Deals and data in the offing for Oncimmune
Oncimmune is not the only company looking to use the immune system to diagnose cancer. But its growth plans are intense, and it intends to prove the economic benefits of its tests.

With two cancer blood tests on the market and several more on the way, the London-listed diagnostics group Oncimmune is focusing on growing sales, and is looking forward to publishing trial data this summer that could boost uptake of its EarlyCDT-Lung cancer test.
It is also making deals at a startling pace, having acquired the German company Protagen Diagnostics, a specialist in what Oncimmune calls “personalised immuno-profiling”, last month, and also received a £10m ($12.9m) equity investment from its Chinese partner Genostics, a licensee of the group’s tests.
But the cancer blood testing market is pretty crowded already, and the astoundingly well-funded companies that are developing pan-cancer liquid biopsies are gathering momentum. Oncimmune will need both its organic and inorganic growth strategies to pay off if it is to stay afloat in these turbulent waters.
Screening
The company’s technology works by detecting antibodies to tumour antigens. In harnessing the immune system its approach is similar to that of Oncocyte, among others, though Oncocyte’s lung cancer blood test detects changes in immune system gene expression levels in response to tumours (Oncocyte banks on a new kind of liquid biopsy, January 30, 2019).
As well as the lung cancer test Oncimmune sells EarlyCDT-Liver to detect hepatocellular carcinoma, and has tests for ovarian, breast, prostate, colorectal, gastroesophageal and pancreatic cancers in its pipeline.
EarlyCDT-Lung first became available in the US and EU in 2012. It is used to help pulmonologists assess lung nodules – opaque patches on a lung CT scan – helping them rule out treatment for patients with benign masses.
But the group is pushing for the test to be used as a screening tool, and the 12,210-patient ECLS study is about to yield data that could allow Oncimmune to make an economic case.
“The second application is screening,” Adam Hill, Oncimmune’s chief executive, tells Vantage. “Instead of using it after CT, we’re using it in advance of CT and saying can I, based upon the risk criteria – age, smoking history – pick out those patients from the general population that are more likely to benefit from a CT scan and less likely to be overdiagnosed and overtreated?”
It will thus be crucial to show high specificity: the group claims in excess of 90% specificity for all of its panels, though only moderate sensitivity, in the 40% range. And, on the health economic front, Mr Hill reckons using EarlyCDT-Lung as a screen could cut the cost of treating a patient from its current average of £55,000 to £5,000, by allowing earlier intervention.
Deals
EarlyCDT-Liver reached the US market just under a year ago, but around half of the liver cancers globally are diagnosed in China, and launch here, aided by its Chinese distributor and investor Genostics, is a crucial plank of Oncimmune’s expansion strategy.

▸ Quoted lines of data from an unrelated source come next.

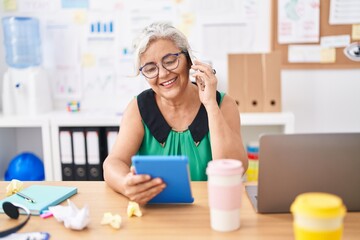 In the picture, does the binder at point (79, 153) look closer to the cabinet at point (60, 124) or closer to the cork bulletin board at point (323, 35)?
the cabinet at point (60, 124)

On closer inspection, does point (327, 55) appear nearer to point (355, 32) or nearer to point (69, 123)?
point (355, 32)

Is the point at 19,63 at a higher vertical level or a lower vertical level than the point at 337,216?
higher

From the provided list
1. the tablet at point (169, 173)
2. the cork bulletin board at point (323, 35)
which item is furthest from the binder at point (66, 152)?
the tablet at point (169, 173)

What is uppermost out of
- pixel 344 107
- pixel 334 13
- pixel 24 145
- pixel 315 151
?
pixel 334 13

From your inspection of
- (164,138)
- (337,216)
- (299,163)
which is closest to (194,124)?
(164,138)

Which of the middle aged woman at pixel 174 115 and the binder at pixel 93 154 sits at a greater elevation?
the middle aged woman at pixel 174 115

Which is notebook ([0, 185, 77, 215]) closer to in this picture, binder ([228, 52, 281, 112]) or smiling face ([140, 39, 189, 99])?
smiling face ([140, 39, 189, 99])

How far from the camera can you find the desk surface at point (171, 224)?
1097 millimetres

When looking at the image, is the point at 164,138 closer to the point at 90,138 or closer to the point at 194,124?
the point at 194,124

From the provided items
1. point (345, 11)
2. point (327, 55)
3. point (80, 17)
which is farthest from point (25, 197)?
point (345, 11)

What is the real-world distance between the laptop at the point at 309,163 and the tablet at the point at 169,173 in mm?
205

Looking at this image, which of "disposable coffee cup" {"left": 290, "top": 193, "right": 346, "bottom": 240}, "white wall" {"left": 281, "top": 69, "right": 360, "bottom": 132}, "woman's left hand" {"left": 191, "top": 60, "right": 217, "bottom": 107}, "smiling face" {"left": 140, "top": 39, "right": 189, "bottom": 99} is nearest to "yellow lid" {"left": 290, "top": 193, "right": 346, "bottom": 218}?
"disposable coffee cup" {"left": 290, "top": 193, "right": 346, "bottom": 240}

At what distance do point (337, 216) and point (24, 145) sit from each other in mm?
2880

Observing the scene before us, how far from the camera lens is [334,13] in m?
2.92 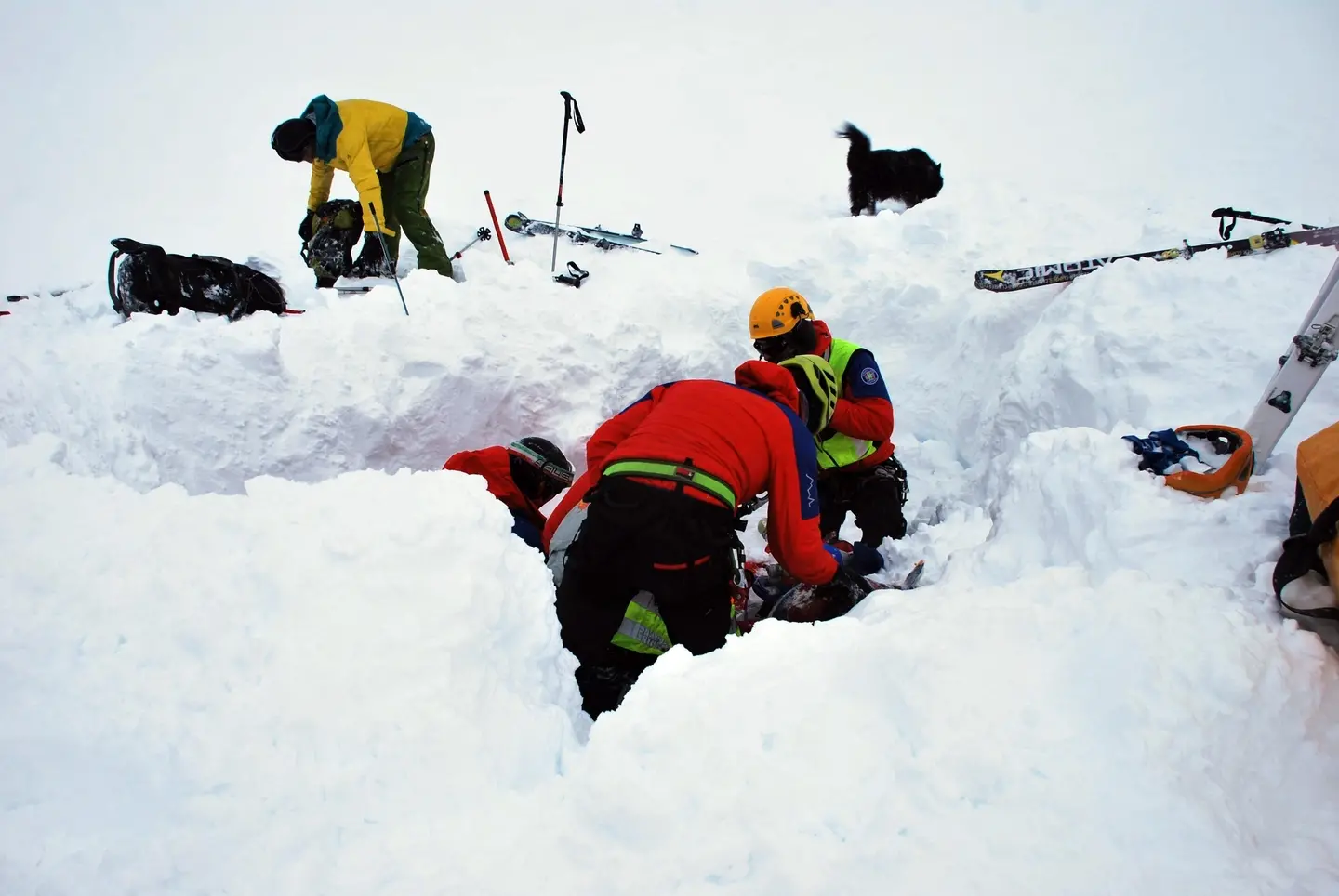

Oncimmune’s agreement with Genostics differs slightly from the many other distribution agreements it has with various companies in different countries. These are typically exclusive distribution contracts whereby the partner commits to a minimum revenue, but Genostics has licensed the entire EarlyCDT portfolio.
“They made an investment in the company of £10m,” Mr Hill says. “I think that was about 30% up on the share price of the day, which is starting to tell a story that sees strategic partners setting quite a different valuation for our business over the market.”
That was compounded, he adds, by the acquisition of Protagen Diagnostics for £4.1m, 35% of which is attributed to hitting successive milestones.
More deals will likely follow. “We’ve been really explicit with our strategy, that we will grow the value – not just the financial value, the value of the intellectual property and products we develop – both organically and inorganically,” he says.
Competition
Changes are coming to the diagnostics sector, however. Oncimmune intends to hedge against one of these – the long-planned tightening of US diagnostics regulations – by seeking de novo FDA clearance for its tests rather than keep them on the Clia-certified basis they currently enjoy.
Another coming change might be harder to dodge. Companies such as Grail and Guardant Health have billions of dollars in funding for their pan-cancer blood tests and are aiming not just to disrupt the market but to demolish it entirely and rebuild it from scratch.
Mr Hill is sanguine, and certainly Oncimmune has an aggressive growth strategy. But in the six months ended last November the company made a loss of £3.9m on sales of just £121,000, so it has quite a mountain to climb.